With this approach, we can first create a SchedPatch object, indicating that the next Pod of a Deployment prefers to be scheduled to a specified node, and then evict the Pod we want to migrate. apiserver forwards the Pod Create request to the SchedPatch webhook, where we modify the Pod’s scheduling requirements so that kube-scheduler will tend to schedule the Pod to a specified node.

CRD

The following is a simple SchedPatch CRD definition.

 1
 2
 3
 4
 5
 6
 7
 8
 9
10
11
12
13
14
15
16
17
18
19
20
21
22
23
24
25

type SchedPatch struct {
    metav1.TypeMeta   `json:",inline"`
    metav1.ObjectMeta `json:"metadata,omitempty"`
 
    Spec   SchedPatchSpec   `json:"spec,omitempty"`
    Status SchedPatchStatus `json:"status,omitempty"`
}

type SchedPatchSpec struct {
    // 匹配哪些 Pod
    Selector *metav1.LabelSelector `json:"selector"`
    // 最大会 Patch 的符合匹配条件的 Pod 数量,超过后不再注入新的调度规则
    MaxCount int64 `json:"maxCount"`
    
    Affinity *Affinity `json:"affinity,omitempty"`
    Tolerations []Toleration `json:"tolerations,omitempty"`
    NodeSelector map[string]string `json:"nodeSelector,omitempty"`
}

type SchedPatchStatus struct {
    ObservedGeneration int64 `json:"observedGeneration"`
    
    // 记录哪些 Pod 被 Patch 了新的调度规则
    PatchedPods []string `json:"patchedPods,omitempty"`
}

Webhook Logic

  1. Receive the Pod Create request from kube-apiserver.
  2. Get all SchedPatch objects from Informer Cache and filter out all objects that match the created Pod.
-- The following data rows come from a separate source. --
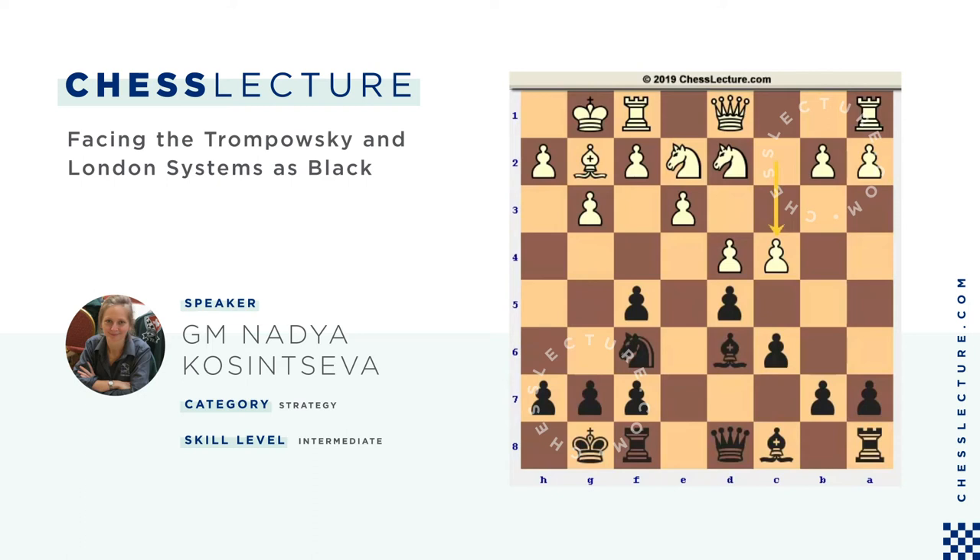It forces black to take back with the pawn at some point. It can be weak, so black prefers to take on c4. It activates the white knight, but black played c6 in advance, so he can keep the bishop on the h2-b8 diagonal. Black moves it to c7, and the position seems to be pretty playable.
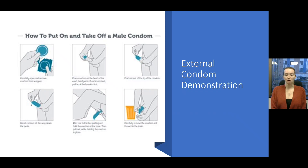Now that you know more about external condoms, I'm going to show you how to properly use them. The instructions I'll be modeling today come from the Centers for Disease Control and Prevention. Please note that they use the term 'male' when describing these types of condoms. At Student Health Promotion, we prefer the term 'external,' as it's more inclusive.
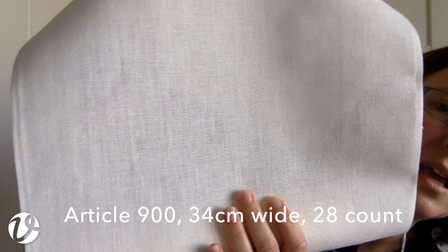This is article 900 again, 34 centimeters wide, so just getting that bit wider. Both the 30 and 34 centimeter widths would be perfectly suitable for working samplers on. You could also use them as table runners — just hem the ends and that would be a really lovely result. Again it doesn't have much of a selvage so you can stitch pretty much right to the edge.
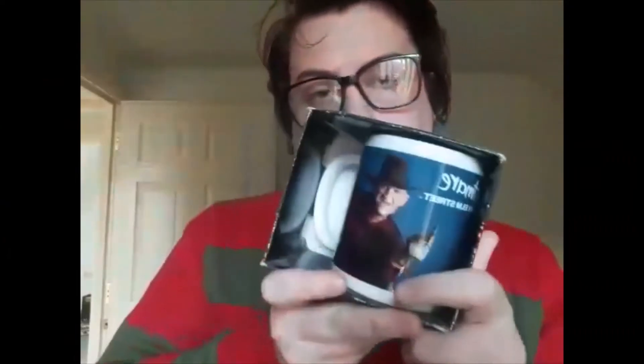So this is the Freddy Krueger cup I was talking about. That's the front, the top of the box, the sides, and this is the middle part. I love the artwork on this. Up here it says 'Nightmare — No Sleep.'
If the number of PatchedPods has reached MaxCount, filter them out as well.
  3. Update PatchedPods.
  4. Modify the Pod Spec, inject the scheduling rules in the SchedPatchSpec, and return it to kube-apiserver.

Migration Example Steps

Suppose we have a Deployment of test with service: test in the Pod Label. There is currently a Pod on node-1 and we want to migrate this Pod to node-2.
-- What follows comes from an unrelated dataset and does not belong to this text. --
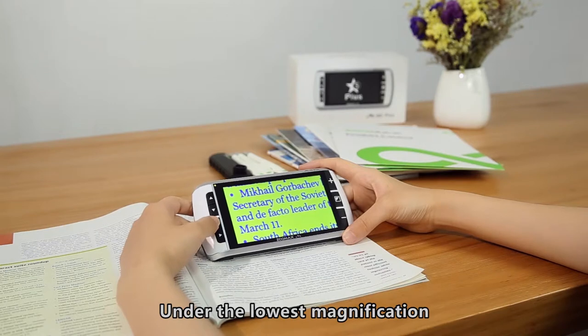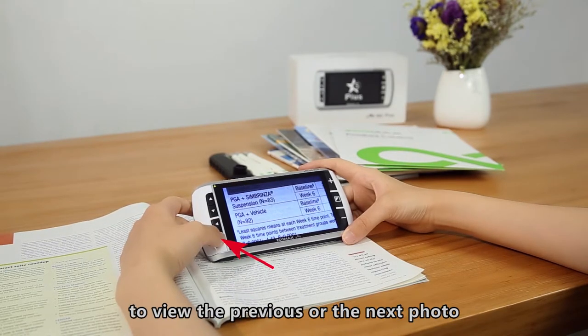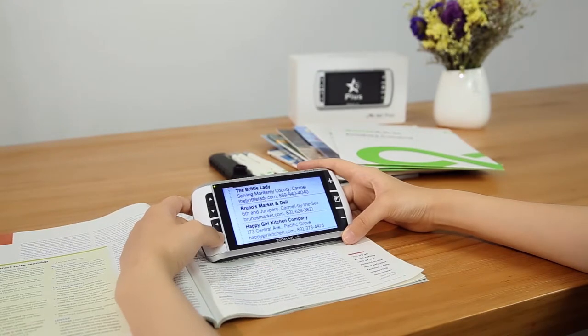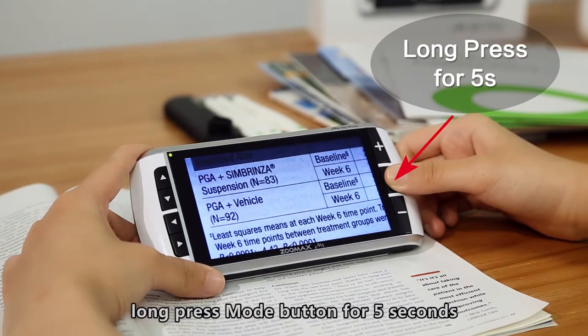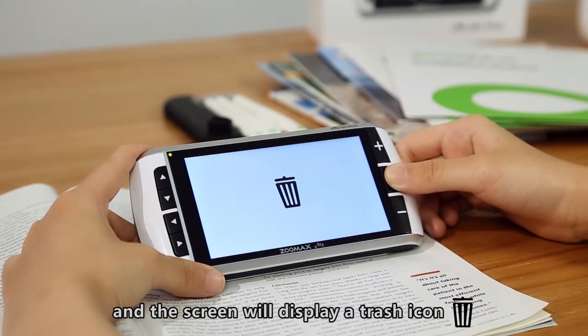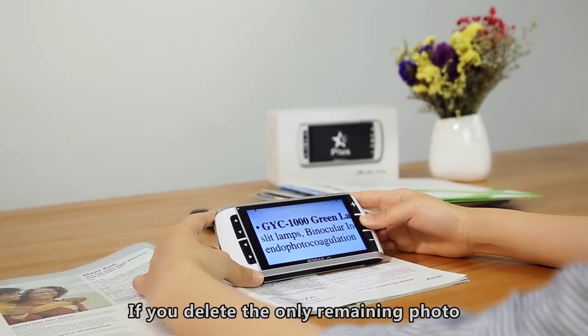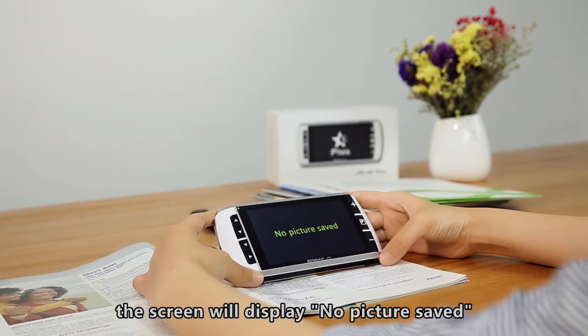Under the lowest magnification, press the left or right button to view the previous or the next photo. When viewing a saved photo, long-press the Mode button for 5 seconds. The chosen photo will be deleted automatically and the screen will display a trash icon. If you delete the only remaining photo, the screen will display 'no pictures saved'.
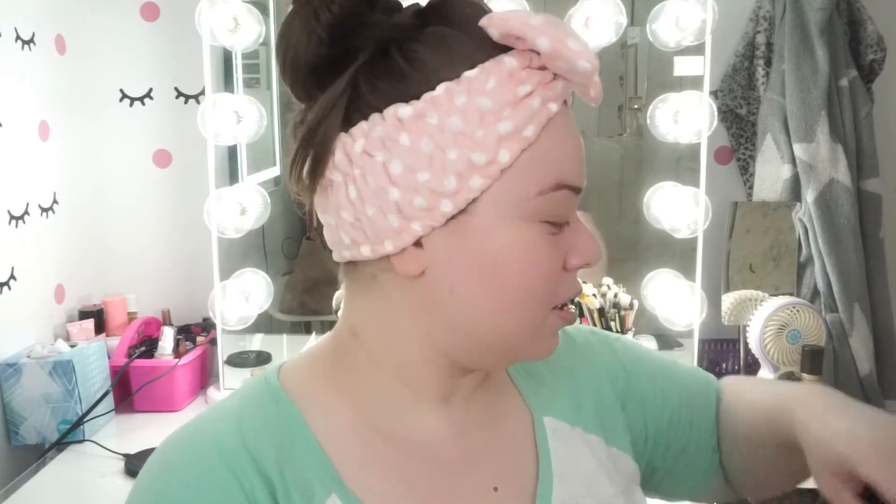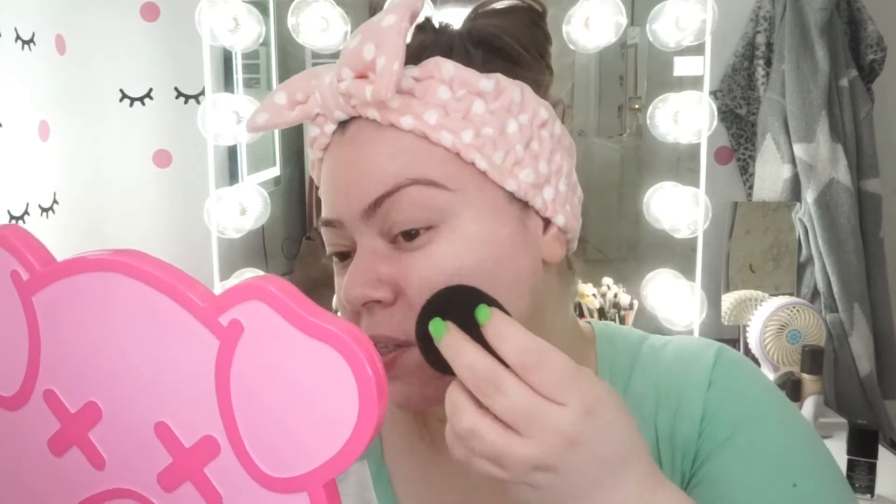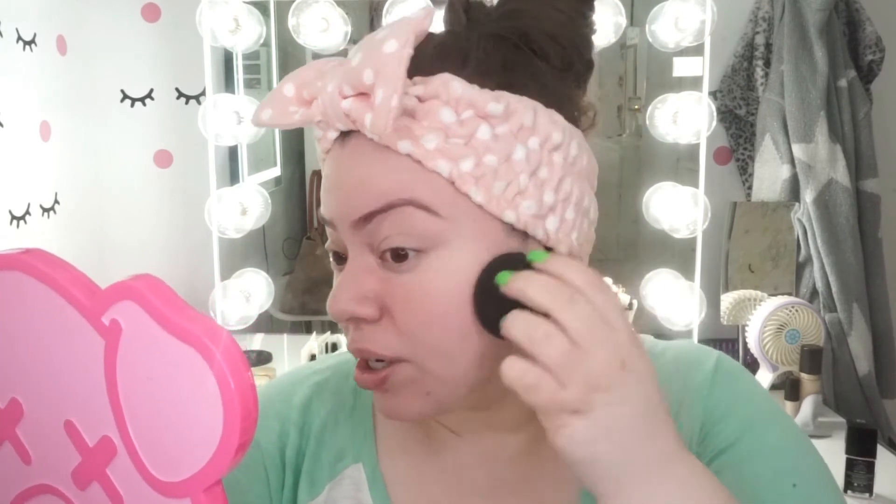I'm going to be using the Wet n Wild Photo Focus Foundation and I want to see how that works out. I'm thinking maybe I should put the foundation on one side and then apply a concealer on the other side, just to see how each works. They're saying you can put foundation on top, but I think you really should treat this more as a primer rather than a one-step foundation replacement.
Create a SchedPatch object that matches a subsequently created Pod with service: test Label, injecting NodeAffinity to indicate a preference for scheduling this Pod to node-2.

 1
 2
 3
 4
 5
 6
 7
 8
 9
10
11
12
13
14
15
16

kind: SchedPatch
spec:
  selector:
  matchLabels:
    service: "test"
  maxCount: 1
  affinity:
    nodeAffinity:
      preferredDuringSchedulingIgnoredDuringExecution:
        - weight: 1
          preference:
            matchExpressions:
            - key: kubernetes.io/hostname
              operator: In
              values:
              - node-2

Delete the Pod on node-1 directly via kubectl.

The Deployment Controller will then create a new Pod and observe that this Pod will be dispatched to node-2.

Notes

The above solution is just a preliminary explanation of the idea of how to implement this feature, but there are still a lot of details that need to be addressed in the actual use.